New York steps closer to a solar transformation
Last month, state legislators passed the Solar Up Now New York (SUNNY) Act, which aims to legalise plug-in panels. Around 30 states have already legalised plug-in solar, which is already common across Europe – particularly in Germany.
Plug-in solar kits are designed for homes where rooftop panels aren’t suitable. This includes those living in shared accommodation, or those who don’t own the house they live in.
The bill still needs to be delivered and signed by Governor Kathy Hochul, who has until the end of the year to make a decision.
Across the US, nearly half of households can’t access rooftop solar due to renting, living in apartments or having unsuitable roofs. This is even more evident in New York, where the majority of homes are in buildings with multiple units – limiting accessibility of rooftop solar.

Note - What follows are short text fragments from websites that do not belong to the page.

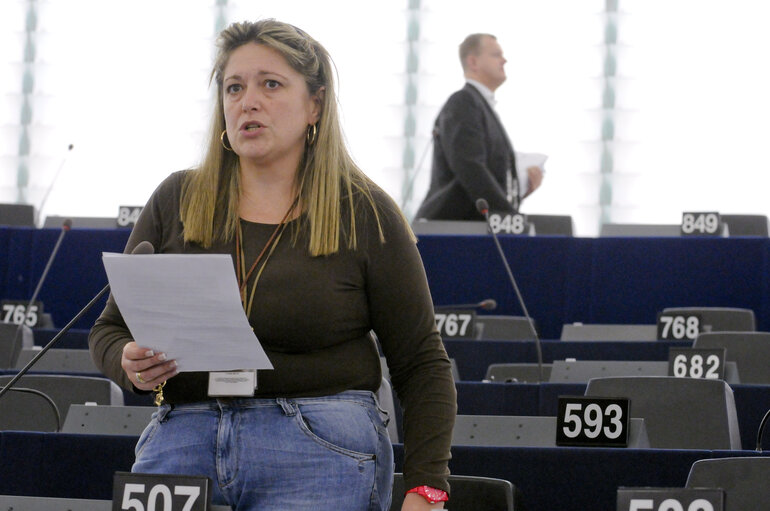 Foto 21: Debate on the EU Tomato import from Morocco. Plenary Session in Strasbourg. Week 14.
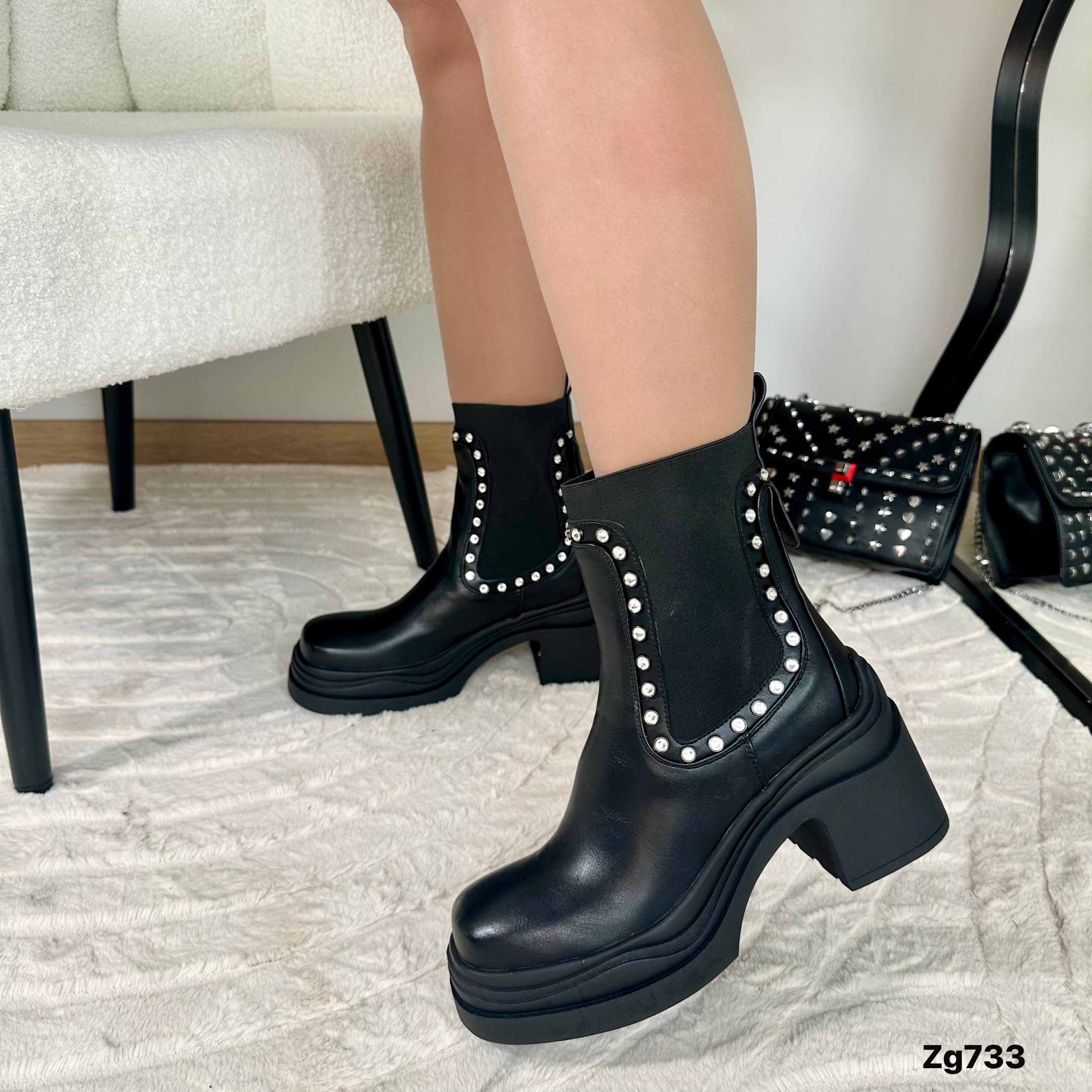 Botin negro apliques brillantes tacon 7cm IS14-011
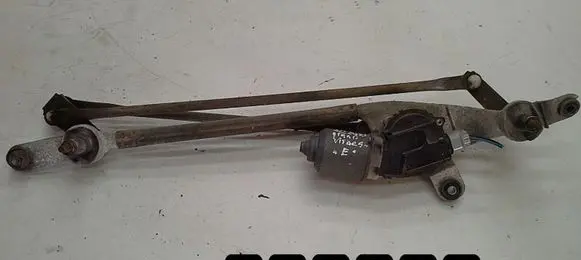 Suzuki Grand Vitara II Front wiper linkage and motor 3811065j00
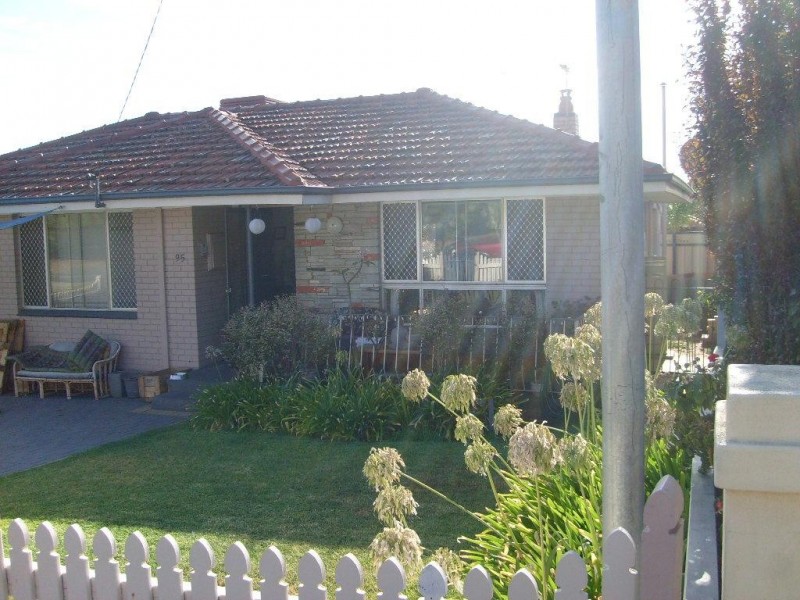 95 York Street, Beaconsfield WA 6162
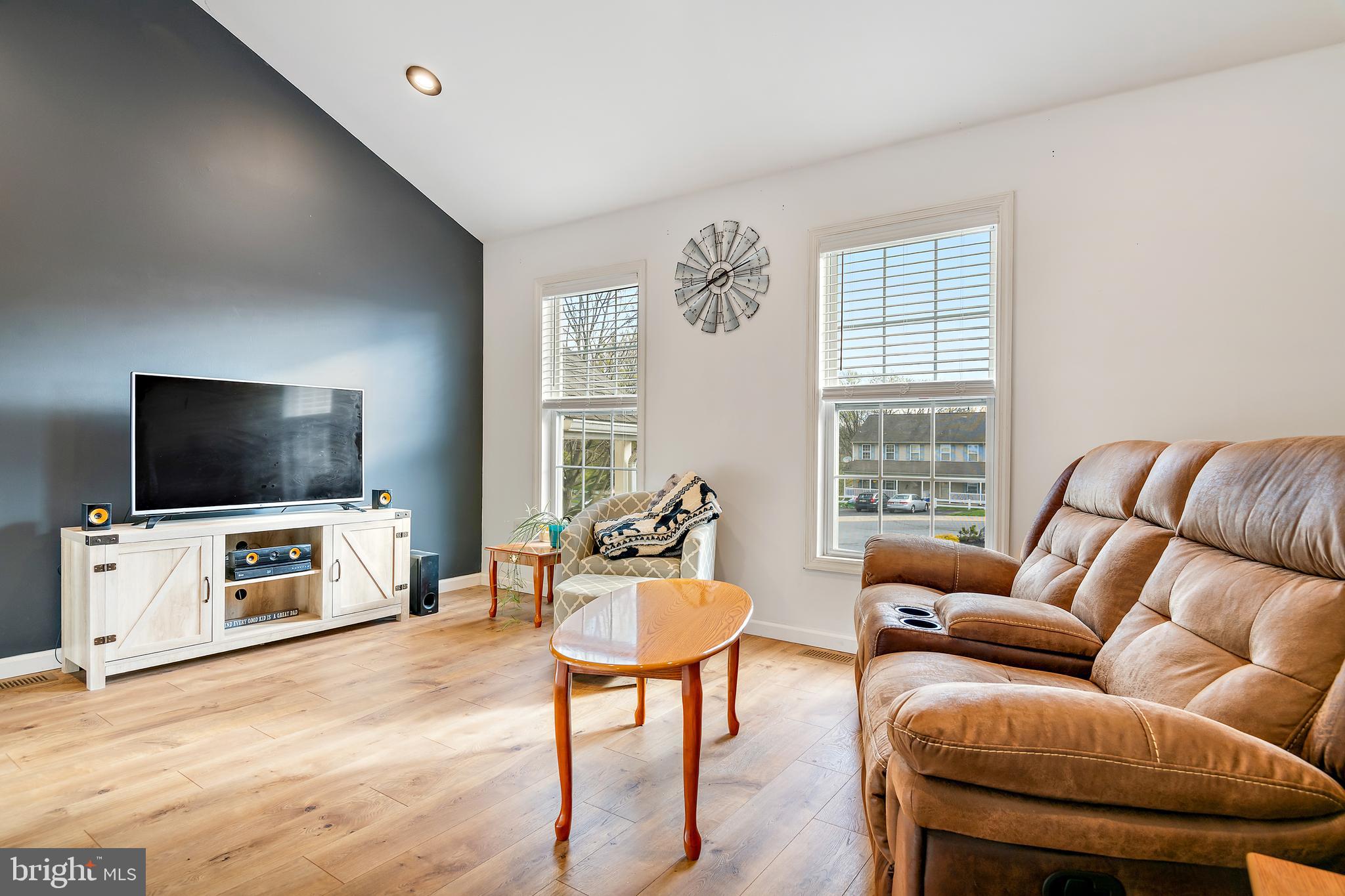 GABLE PARK WOODS - Residential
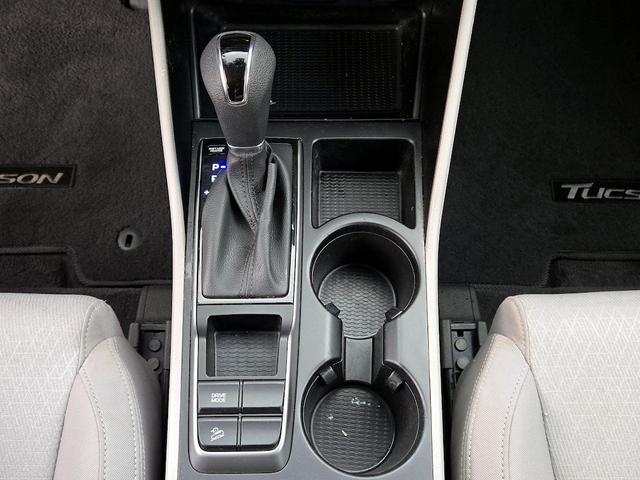 Photo of 2016 Black Hyundai TUCSON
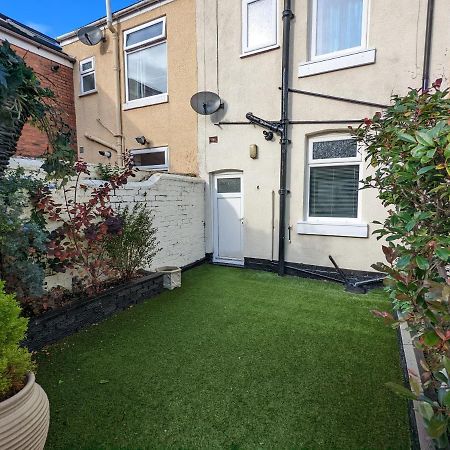 Moon Holiday Townhouse Free Parkingprivate Garden Blackpool Bagian luar foto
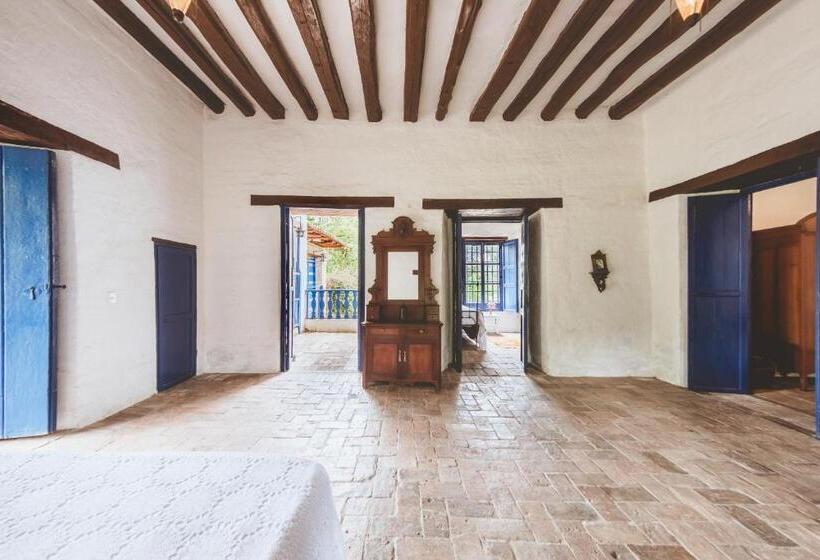 هتل Hacienda Pisoje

New York Times writer Robinson Meyer argues that plug-in solar has the potential to “change how Americans understand and consume energy”, while “recruit[ing] a much larger group of people to cut their greenhouse gas pollution – in particular, renters.”
But with power sector emissions per capita 2.8 times higher than the global average, and the world’s second largest electricity demand, it is clear that the US is still far away from a clean energy transition needed to halt global warming.